Whose crazy idea was it to attempt to teach a public speaking course in a language the instructor doesn’t speak, to students with a range of educational levels from college down to the equivalent of eighth grade? Ah yes, that would be me (Lisa). When we first heard of the Udhekryq Torchbearers School in Erseke, Albania, it was clear what Rich could bring. It is primarily a Bible School for young adults (here’s an introduction to the Torchbearers network of schools around the globe), and Rich offered to take them through the book of Ephesians. I could have prepared another book of the Bible, but was eager to see if my training in communication could be of use, and curious how it would transfer cross-culturally. I crafted a set of assignments and simple lectures to empower them to do each one. First, I asked them to make an announcement for a church service, using good motivational strategies, an element of personal testimony, and a winsome invitation. I then asked them to share their testimony in a longer speech. The third assignment was to teach one aspect of doctrine, a line from the Nicene Creed. We took a break from the seriousness and practiced impromptu speaking by selling each other random strange items, recast as different items. We are wrapping up tomorrow with the task of retelling a story from Scripture from a creative angle. As some of the talks have ended, I have asked my students, “Was that easier than you thought it would be, or harder?” As the time ends, I find myself asking that, with surprising answers. Teaching here has been easier than I’d imagined in some ways, and harder in others:
Easier: It was easier than I’d imagined getting them to stretch themselves with some assignments that were really new for them. They were quite game and willing to take risks.

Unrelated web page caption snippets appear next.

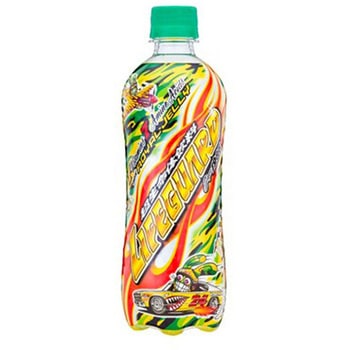 チェリオ N ライフガード    ペット 500mlx24 チェリオコーポレーション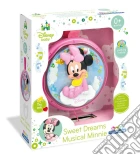Baby Clementoni - Minnie Carillon Dolce Notte giochi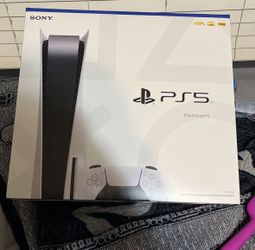 PlayStation 5
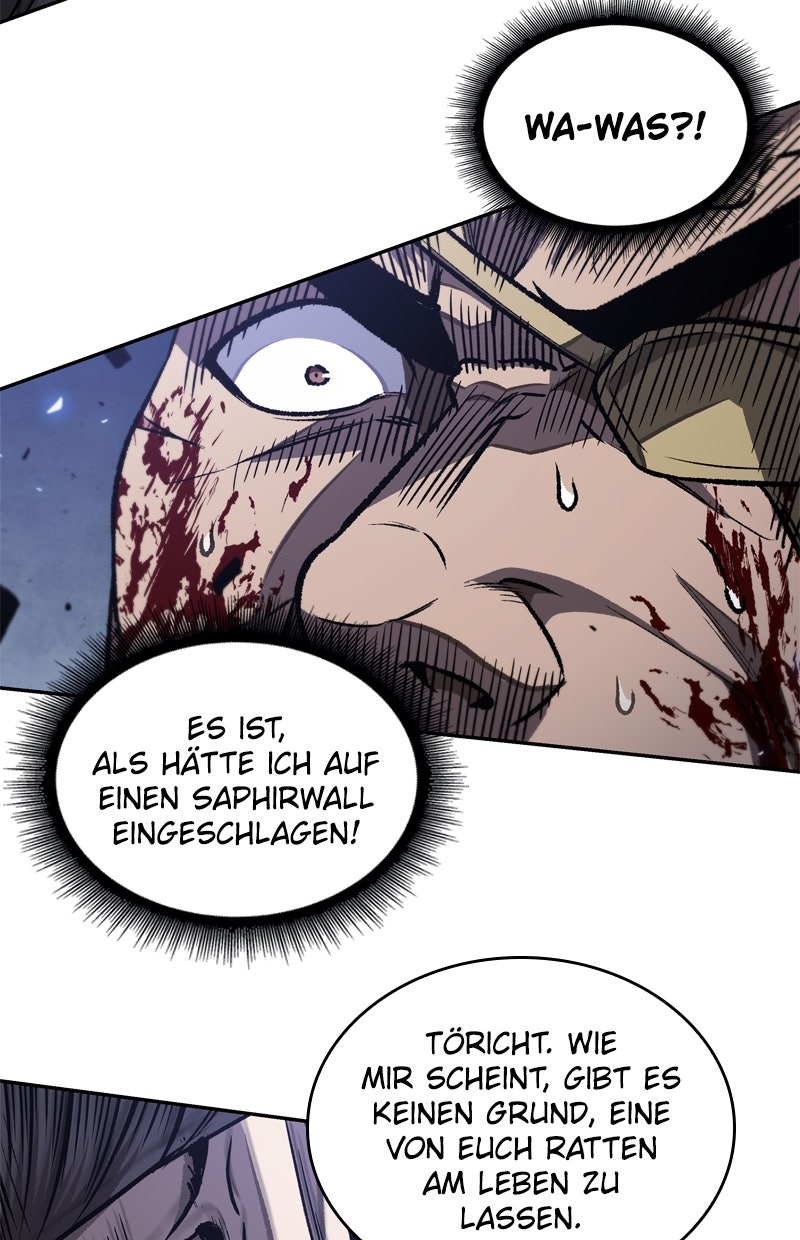 Read Nano-Maschine Manga Online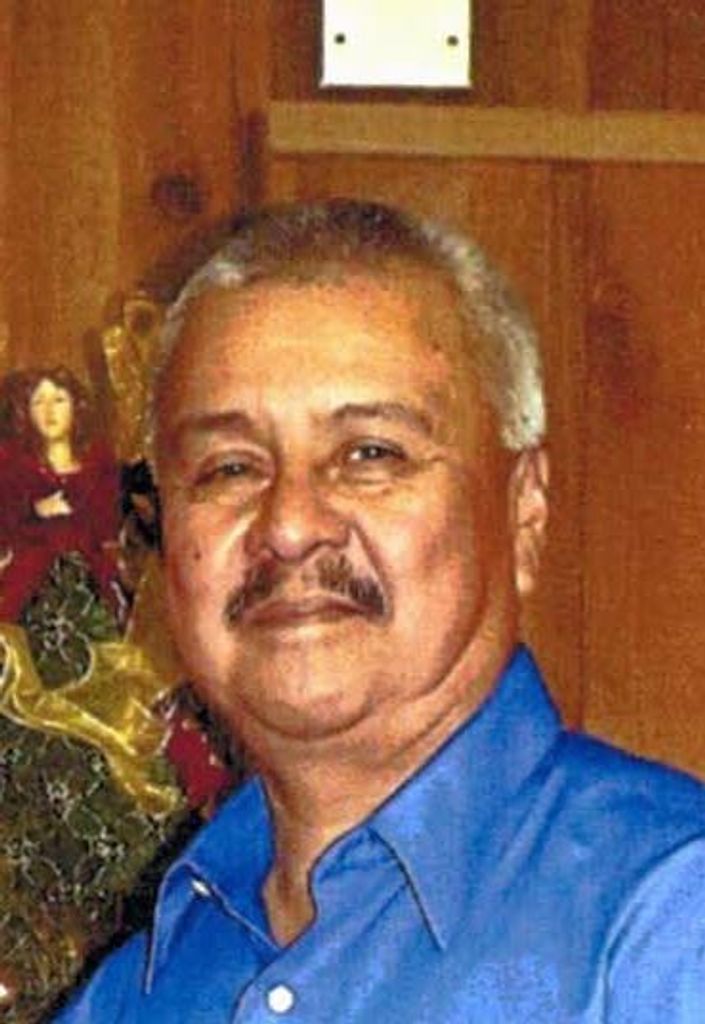 Alfredo Trevino Jr.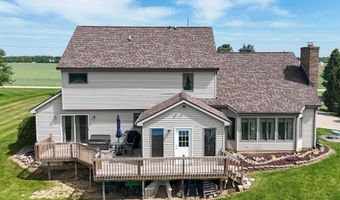 3582 County Road 34, Auburn, IN 46793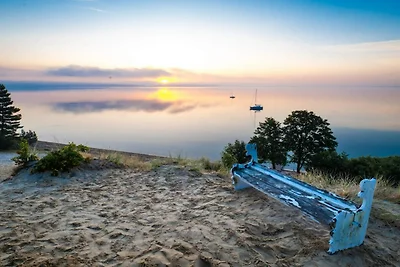 Verstecktes Paradies in Hvidbjerg -- By Traum...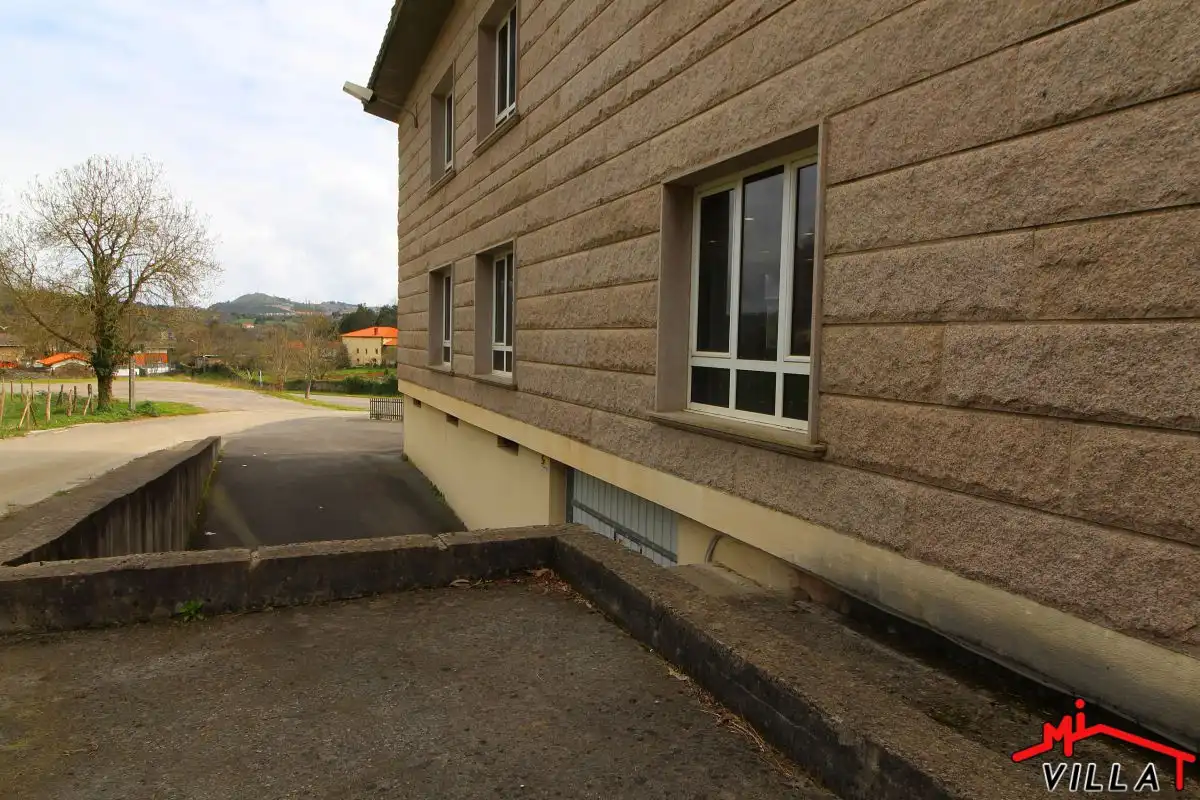 Maison avec terrasse à vendre à Sámano, imagen 41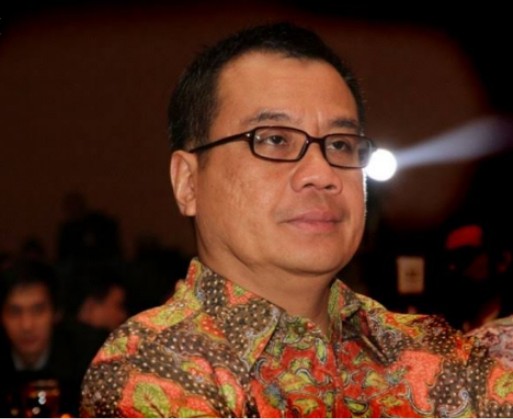 Faik Fahmi Kembali Ditunjuk Sebagai Dirut Angkasa Pura I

Hard: Overcoming the translation challenges was trickier than I’d anticipated. When a translator translated the speeches, the students had a hard time with the interruption. Rich and I are used to it but speakers not used to translation tend to look at the translator too much, wait too long, and lose steam in the gaps. For one speech, the translator stood with them and interrupted throughout. For the next one he sat and whispered loudly to the four English speakers, which proved too distracting to the speakers. For another, he gave a summary at the end of each speech. It was never perfect, but we made it work.
Harder: Students in Albania tend to be taught via rote memorization and regurgitation of content, and so meta-level thinking such as evaluating the logical flow or creativity level of a peer’s speech was new to them. Evaluation mostly consisted of stating the content they most liked from each other’s speeches. The requirement to sell each other an object as something different than the object itself was for the most part ignored—they enthusiastically sold the items as they were. Changing an item’s identity required a type of lateral thinking which they are not accustomed to doing.
Hardest: The toughest part of this week for me emotionally has taken place during the testimony speeches and around the edges, at mealtimes and on walks. One young man, in his testimony speech, told of being beaten regularly by his brother, a Muslim, as punishment for converting to Christianity. He is heading home for Christmas praying for a good attitude to endure the beatings. One young woman is heartbroken knowing that her parents only allowed her to come for the fall, and she may not be able to return after Christmas to a place that has been so life-giving for her. I took a long walk with a former student who is dealing with the deaths of both parents and the years of neglect and abuse from them while they were alive. “I should have aborted you like my doctor told me to!” was her mother’s constant refrain. It was perhaps most poignant for us to observe a man in his thirties coming to class each morning, diligently taking notes on the teaching but clearly not a student, and to learn that he is a graduate who recently lost his job in town and has no prospects whatsoever. Rampant unemployment is one of the most painful themes of Eastern Europe and Eurasia. From Bishkek to Bulgaria, we hear the laments: our best and brightest young people are leaving, Communism left us unprepared to compete in a global economy, government corruption saps jobs, etc. We see the frustration in people’s eyes, and hear the shame and desperation in their voices as they tell the stories of career aspirations crushed, of training for jobs that don’t materialize, of getting then losing a job, etc. We both know some of their pain as we’ve struggled in this area ourselves the last few years. We wish so much that we could wave a wand and fix it, but all we can do is listen, support, pray, and hope alongside people.
We leave Albania with profound respect for the missionaries and nationals who are pouring themselves out to seek the welfare of this land. We met gifted nurses, teachers, and pastors. We leave sobered by the task that lies ahead for the church, entrepreneurs, and the government to build cultures and systems that will enable people to flourish. And we leave thankful for a chance to invest in a few of those people.